■ **EXERCISE**:
Take the material below and extract the lines from the one with "What's up YouTube, so" through the one with "Check it out.", word for word, without pictures.

■ **RECORDED INFORMATION**:

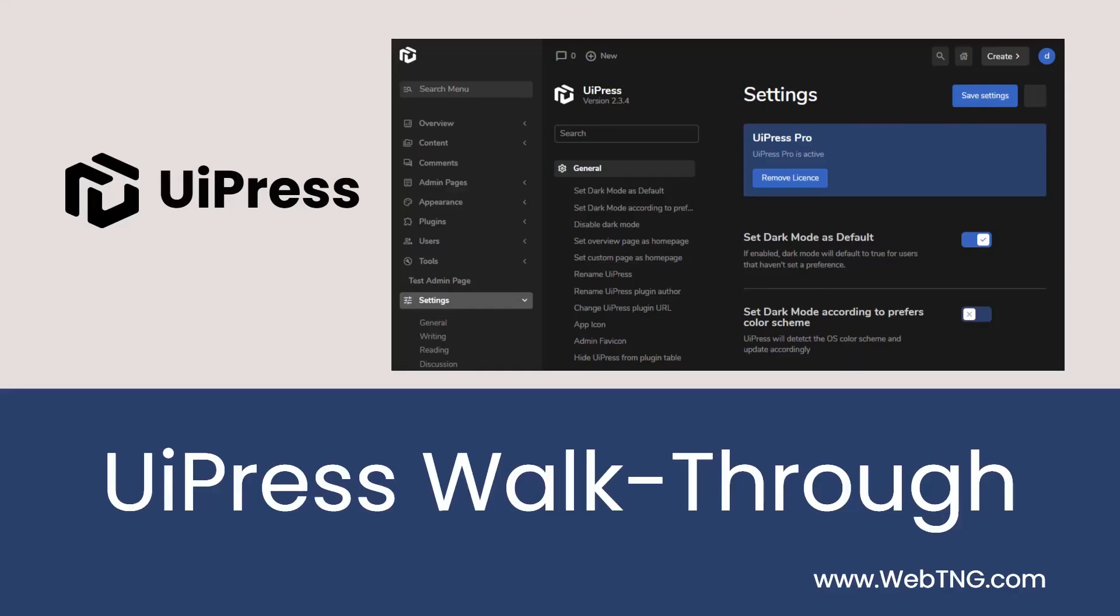So that's the walkthrough of UiPress. There's a text version of the video available on the WebTNG website, along with other walkthroughs, reviews, and resources. I hope you found the video useful. Thank you for watching.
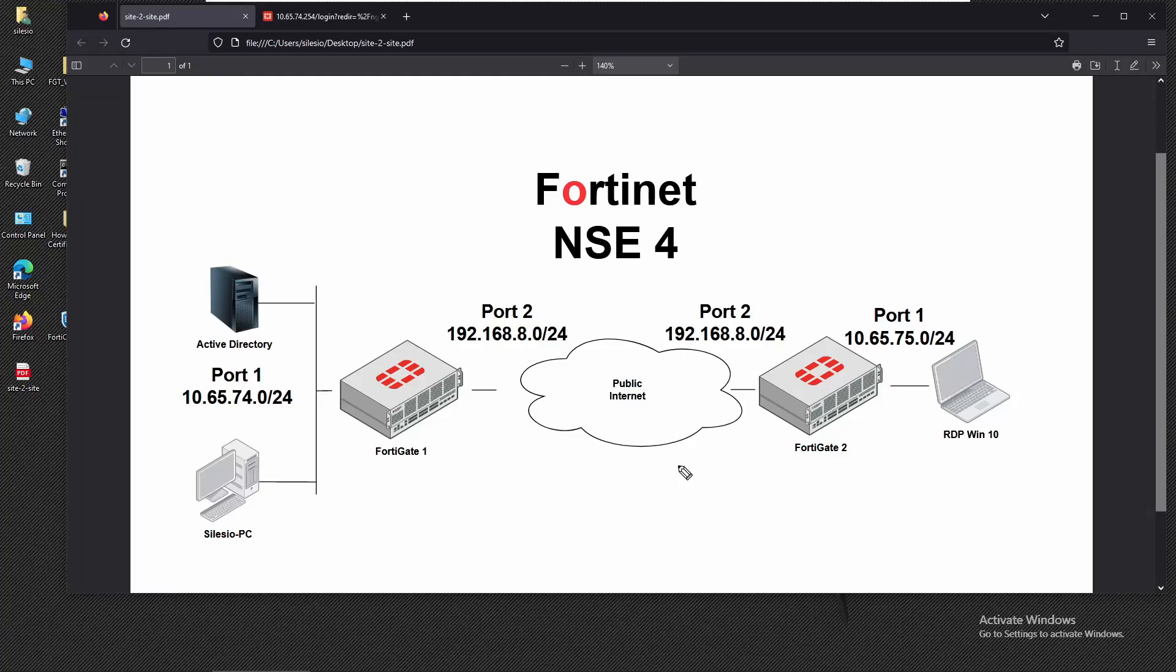What's up YouTube, so in this video we're going to see how to implement a site-to-site VPN between two FortiGates. Currently we are using FortiGate one or firewall one, and I added an additional FortiGate.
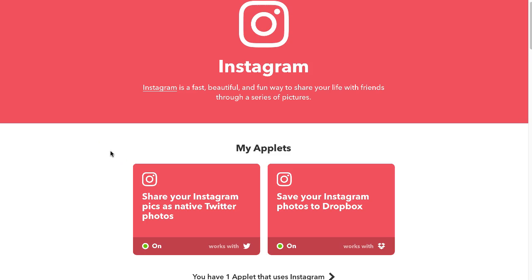Check it out. I hope you enjoyed this very quick video of my favorite tool, IFTTT.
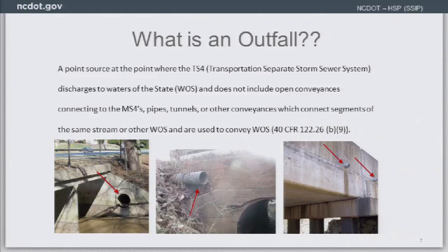An outfall is a point source where DOT discharges into waters of the state — not where flow empties into a ditch or land, but where it actually touches waters of the state. This includes intermittent and perennial streams, rivers, estuaries, and lakes. The concern is where the stormwater actually ends up.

■ **WRITTEN ANSWER**:
What's up YouTube, so in this video we're going to see how to implement a site-to-site VPN between two FortiGates. Currently we are using FortiGate one or firewall one, and I added an additional FortiGate.
Check it out. I hope you enjoyed this very quick video of my favorite tool, IFTTT.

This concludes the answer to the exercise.